*How to complete this task*
In the entries that follow, find the line containing "Woman walking on"; from there, copy every line exactly through the line containing "Top front view".

[Provided records]

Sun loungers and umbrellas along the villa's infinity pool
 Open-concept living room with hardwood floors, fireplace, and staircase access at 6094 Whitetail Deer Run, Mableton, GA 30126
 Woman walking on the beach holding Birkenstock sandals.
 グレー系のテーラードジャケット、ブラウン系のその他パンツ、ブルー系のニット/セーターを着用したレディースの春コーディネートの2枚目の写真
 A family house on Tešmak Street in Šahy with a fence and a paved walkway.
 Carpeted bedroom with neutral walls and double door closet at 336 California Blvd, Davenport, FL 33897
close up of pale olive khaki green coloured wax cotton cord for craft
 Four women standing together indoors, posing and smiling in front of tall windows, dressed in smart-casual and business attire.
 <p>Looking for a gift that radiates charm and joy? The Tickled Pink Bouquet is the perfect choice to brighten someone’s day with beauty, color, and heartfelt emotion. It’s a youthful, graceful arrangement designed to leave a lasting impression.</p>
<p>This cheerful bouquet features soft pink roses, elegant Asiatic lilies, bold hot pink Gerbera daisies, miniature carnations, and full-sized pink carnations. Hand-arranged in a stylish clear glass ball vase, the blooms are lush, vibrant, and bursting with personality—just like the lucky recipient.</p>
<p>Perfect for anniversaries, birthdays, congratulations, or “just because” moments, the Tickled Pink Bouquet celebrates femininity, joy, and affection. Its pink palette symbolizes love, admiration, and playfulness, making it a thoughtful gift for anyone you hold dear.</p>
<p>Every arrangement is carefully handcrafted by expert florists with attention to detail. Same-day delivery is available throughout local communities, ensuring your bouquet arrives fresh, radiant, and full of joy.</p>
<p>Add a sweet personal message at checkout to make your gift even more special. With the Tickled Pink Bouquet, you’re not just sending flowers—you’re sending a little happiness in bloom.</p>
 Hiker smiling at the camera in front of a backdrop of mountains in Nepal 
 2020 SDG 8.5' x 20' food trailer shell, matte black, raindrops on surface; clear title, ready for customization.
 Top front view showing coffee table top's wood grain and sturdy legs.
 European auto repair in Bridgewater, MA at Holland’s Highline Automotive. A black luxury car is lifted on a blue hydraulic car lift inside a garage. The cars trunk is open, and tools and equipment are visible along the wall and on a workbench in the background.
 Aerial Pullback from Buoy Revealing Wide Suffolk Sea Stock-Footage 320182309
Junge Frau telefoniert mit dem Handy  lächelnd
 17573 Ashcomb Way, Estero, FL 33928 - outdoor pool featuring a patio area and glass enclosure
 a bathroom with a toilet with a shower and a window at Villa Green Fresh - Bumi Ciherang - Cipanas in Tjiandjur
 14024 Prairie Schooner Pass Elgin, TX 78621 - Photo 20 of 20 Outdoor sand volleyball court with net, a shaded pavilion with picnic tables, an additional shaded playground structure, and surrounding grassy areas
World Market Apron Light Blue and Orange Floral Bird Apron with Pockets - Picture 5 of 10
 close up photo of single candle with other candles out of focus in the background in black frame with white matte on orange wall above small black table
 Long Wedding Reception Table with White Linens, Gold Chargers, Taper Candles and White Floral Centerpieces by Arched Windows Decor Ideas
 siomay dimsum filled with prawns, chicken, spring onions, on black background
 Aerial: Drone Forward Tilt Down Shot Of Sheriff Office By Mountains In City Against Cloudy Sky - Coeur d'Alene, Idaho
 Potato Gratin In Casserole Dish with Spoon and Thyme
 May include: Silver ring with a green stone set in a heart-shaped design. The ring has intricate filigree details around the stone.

[/Provided records]

*Task solution*
 Woman walking on the beach holding Birkenstock sandals.
 グレー系のテーラードジャケット、ブラウン系のその他パンツ、ブルー系のニット/セーターを着用したレディースの春コーディネートの2枚目の写真
 A family house on Tešmak Street in Šahy with a fence and a paved walkway.
 Carpeted bedroom with neutral walls and double door closet at 336 California Blvd, Davenport, FL 33897
close up of pale olive khaki green coloured wax cotton cord for craft
 Four women standing together indoors, posing and smiling in front of tall windows, dressed in smart-casual and business attire.
 <p>Looking for a gift that radiates charm and joy? The Tickled Pink Bouquet is the perfect choice to brighten someone’s day with beauty, color, and heartfelt emotion. It’s a youthful, graceful arrangement designed to leave a lasting impression.</p>
<p>This cheerful bouquet features soft pink roses, elegant Asiatic lilies, bold hot pink Gerbera daisies, miniature carnations, and full-sized pink carnations. Hand-arranged in a stylish clear glass ball vase, the blooms are lush, vibrant, and bursting with personality—just like the lucky recipient.</p>
<p>Perfect for anniversaries, birthdays, congratulations, or “just because” moments, the Tickled Pink Bouquet celebrates femininity, joy, and affection. Its pink palette symbolizes love, admiration, and playfulness, making it a thoughtful gift for anyone you hold dear.</p>
<p>Every arrangement is carefully handcrafted by expert florists with attention to detail. Same-day delivery is available throughout local communities, ensuring your bouquet arrives fresh, radiant, and full of joy.</p>
<p>Add a sweet personal message at checkout to make your gift even more special. With the Tickled Pink Bouquet, you’re not just sending flowers—you’re sending a little happiness in bloom.</p>
 Hiker smiling at the camera in front of a backdrop of mountains in Nepal 
 2020 SDG 8.5' x 20' food trailer shell, matte black, raindrops on surface; clear title, ready for customization.
 Top front view showing coffee table top's wood grain and sturdy legs.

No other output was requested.